Mafia: i colletti bianchi sono sempre di moda. A Palermo, protagonisti della cronaca, oggi, un avvocato, un notaio, un direttore di banca. Professionisti a disposizione dei Graziano, costruttori boss del quartiere Acquasanta. Per loro, l’accusa è pesante. Su ordine della procura distrettuale antimafia, questa mattina, i finanzieri del nucleo speciale di polizia valutaria hanno notificato all’avvocato Nicolò Riccobene un provvedimento di interdizione, non potrà esercitare la professione.
La procura chiedeva gli arresti domiciliari per il penalista, che è accusato di favoreggiamento, il gip Fabrizio La Cascia ribadisce nella sua ordinanza i gravi indizi di colpevolezza, ma ritiene sufficiente una sospensione temporanea dall’albo professionale, considerati anche i 72 anni dell’indagato. Sono state le intercettazioni a svelare il ruolo di Riccobene, avvocato molto noto a Palermo, ora accusato di essere andato ben oltre il suo mandato professionale aiutando i Graziano a recuperare in modo riservato alcune somme di denaro gestite dal riciclatore del clan, un altro insospettabile, l’avvocato civilista Marcello Marcatajo, arrestato a gennaio.

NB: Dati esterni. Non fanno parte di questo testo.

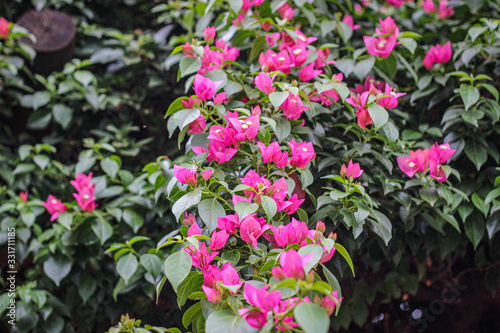 pink flowers in the garden © Marcos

Secondo la ricostruzione della procura, Riccobene avrebbe fatto addirittura da “messaggero” del boss Vincenzo Graziano, il reggente del clan Resuttana accusato nei mesi scorsi di aver procurato e conservato l’esplosivo per un attentato al pm Nino Di Matteo, dal carcere mandava ordini a Marcatajo per la gestione del patrimonio.